Things have been very busy around here lately but I did find time to try a ballasting technique I have been thinking about. I have seen the reviews of using ladder systems, trenches, bench work (which I will use along the fence) and of course good ol' gravel ballast like the real railroads which is how I have built my previous railroads. I have tried the 50/50 glue and water mixture too but it didn't hold up very well in the heat here in Sacramento. So I decided to dumb things down a bit and try dry concrete as a ballast medium. I figured it should look about right for ballast and it won't move once it gets wet and cures. I did not add additonal crushed rock gravel to the mix either, this is straight out of the bag. It is very solid and hold the track well. Because it is unmixed it doesn't have the high compressive strength that finished concrete would have. We'll see how it holds up but so far it seems to work well.

Garrett in Sacramento


----------



## Greg Elmassian (Jan 3, 2008)

Will be interested to see what happens when it gets hot and expands. 

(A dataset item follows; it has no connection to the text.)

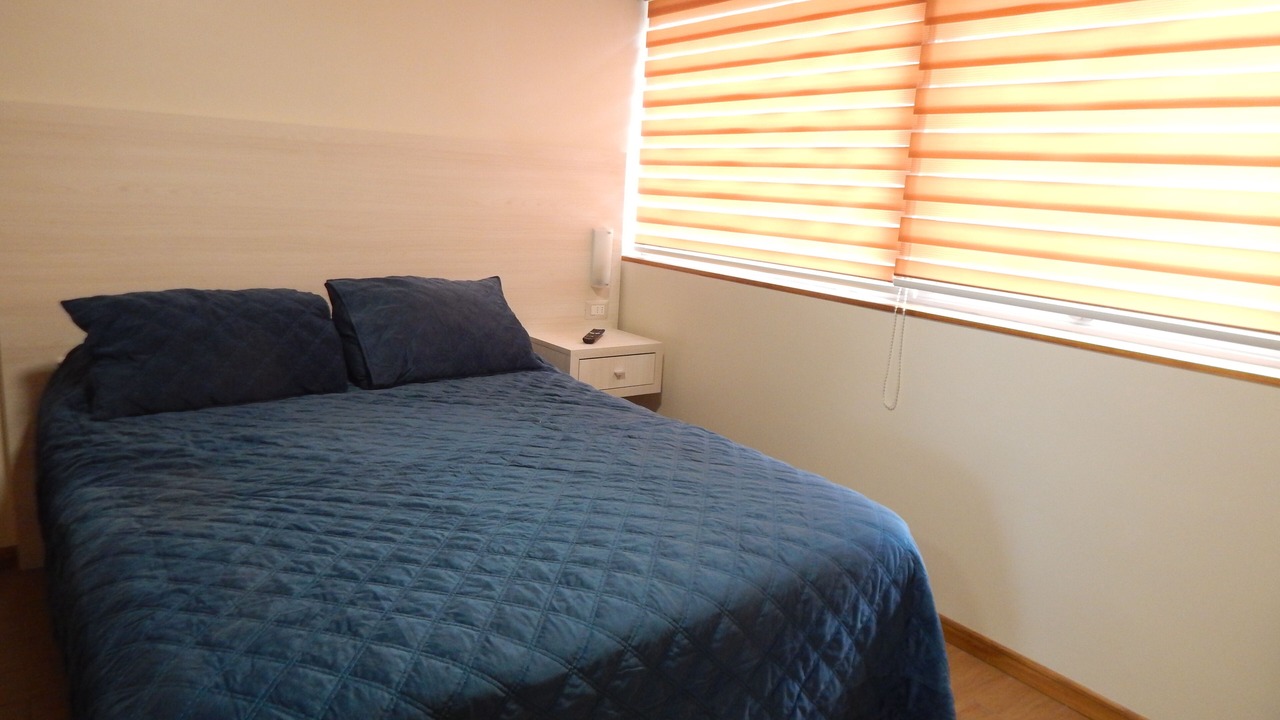 Photo of Bedroom in Concepcion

How hot was it on the day you ballasted? 

Greg


----------



## Dr Rivet (Jan 5, 2008)

Garrett 

We know from the NSS guys who go to McClellan in July for the steam up that outside temps hit 100-110. That brass rail is going to expand more than just a little bit. Let us know which breaks first [a] the tie strips, or * the concrete. There are only two choices and neither of them is the rail.*


----------



## wigginsn (Jan 9, 2008)

This particular method has been used by one of our club members. As I understand the track has been in place for 3 years with no signs of degradation yet. Yes - it is an experiment..

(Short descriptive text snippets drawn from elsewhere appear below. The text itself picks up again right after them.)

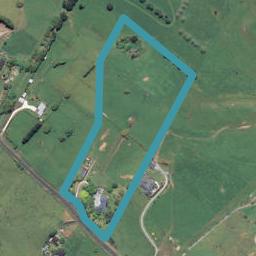 244 Oturoa Road, Hamurana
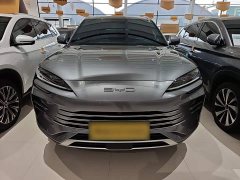 BYD Song Plus New Energy DM-i 110km Flagship Honors Edition - ფოტო 7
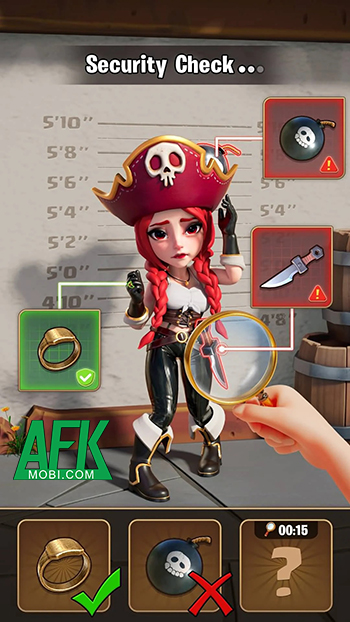 Điều hành quán rượu thời Trung Cổ của riêng bạn trong tựa game Tavern Legend 1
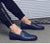 Geweven Loafer Herenschoenen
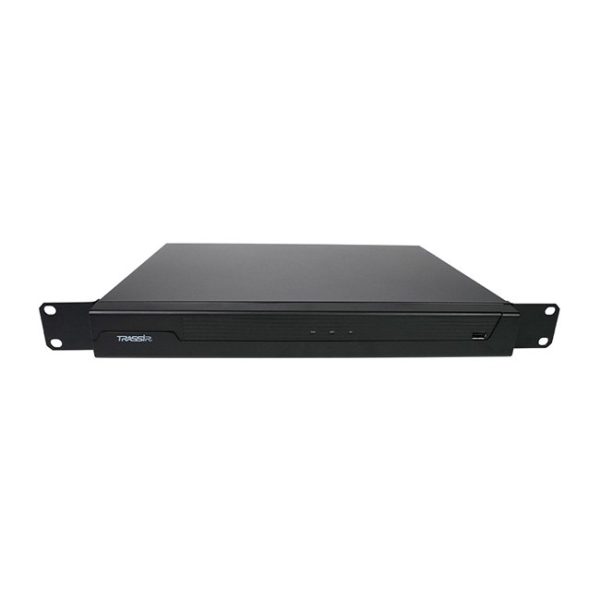 IP-видеорегистратор TRASSIR MiniNVR 4204R AnyIP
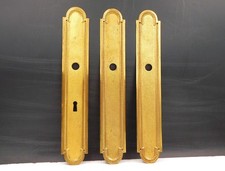 Vintage lot plaques d'occasion Vintage lot plaques d'occasion  Montalieu-Vercieu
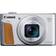 Canon PowerShot SX740 HS Silver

As I understand it the track was laid on a hot summer day to cater for max expansion, (track left outside in sun to heat up etc etc), with a single screw in the middle of each rail section to centre the thermal movement. Typical temp range here is 20F to 95F.

Link to some pics: *http://ashrail.com/lcout.htm*

Cheers
Neil


----------



## East Broad Top (Dec 29, 2007)

So long as the rail is free to expand, it "should" do okay. I've talked with people who have used similar methods on their railroads, and they all mentioned they only had troubles where the rail couldn't freely expand. I've got 15' or so of my track ballasted with bonded ballast (see the product review in the recent GR), and it's held up very well over the summer. It was fairly warm out when I ballasted, and I left 1/8" gaps in the joiners. (slide-on joiners, as seen above, not clamps.) How it does over the winter and next summer remains to be seen, but we have 40-degree temperature swings between day and night, with the temperature of the rail heating up more than that in the sun, so a LOT of rail movement. It's withstood that so far, at least. Granted it's only 15', not the entire railroad. 

The good thing is that with the ballast bonded in place, there's no dirt to splash up on the track and into the rail joiners to work against the expansion of the rail. After I water the garden, I can run a train over that section of track and hear no sign of dirt on the rails as I would hear elsewhere. When I checked the joiners not too long ago, they were still nice and clear. 

Later, 

K


----------



## gra2472 (Mar 1, 2009)

I think I have to point out something I didn't before. I am leaving gaps of about 1/8th of an inch in each joint to allow for expansion and I am not using a lot of clamps except where the track is hard to reach for maintenance or I need to be able to remove it. The layout is also a point to point design so the track should be able to move as much as it needs to. Electrical contunuity is provided by soldered jumpers that are thin and bent to allow movement. It is an experiment, so if all esle fails I will have a nice roadbed for the next attempt.


----------



## aceinspp (Jan 2, 2008)

So now that you all have encased your track in concrete how do you expect to be able to correct cross level or warp when it appears, which it will. Later RJD


----------



## East Broad Top (Dec 29, 2007)

RJD, much depends on the subroadbed. In Neil's example, the track is first laid on a concrete roadbed, which--if it lives up to its name--will not warp or twist. That's about as strong as you get in terms of roadbed. I can't speak to Garrett's roadbed. I did mine as a product test, using a stretch of very well tamped crusher fines roadbed. I haven't a clue what's going to happen in my situation. I know I can chip away at it with a screwdriver and break it up should something go haywire, then I can re-apply. Ask me again next spring, after the ground's been frozen for 4 months. Quite frankly, that's part of the test. My dad used a similar product in a tunnel on his railroad about 5 or so years ago, and it's held up very well. No twisting, cross level or warping to fix thus far. 

Later, 

K


----------



## gra2472 (Mar 1, 2009)

Thanks for the ideas and concerns, i know what to look out for now. I don't suspect I will get much warping or cross leveling issues using this technique particularly up by they bridge where the "ballast" is about 3 inches deep. I might have some sort of issues where I plan to have a thinner layer of ballast but since it doesn't freeze here and the ground is as hard as rock already I think my only real concern is going to be the expansion issues with the rail. We'll see how it goes.


----------



## Greg Elmassian (Jan 3, 2008)

How does concrete live up to it's name? Frost heave, settling, etc can let concrete heave, twist and sink. 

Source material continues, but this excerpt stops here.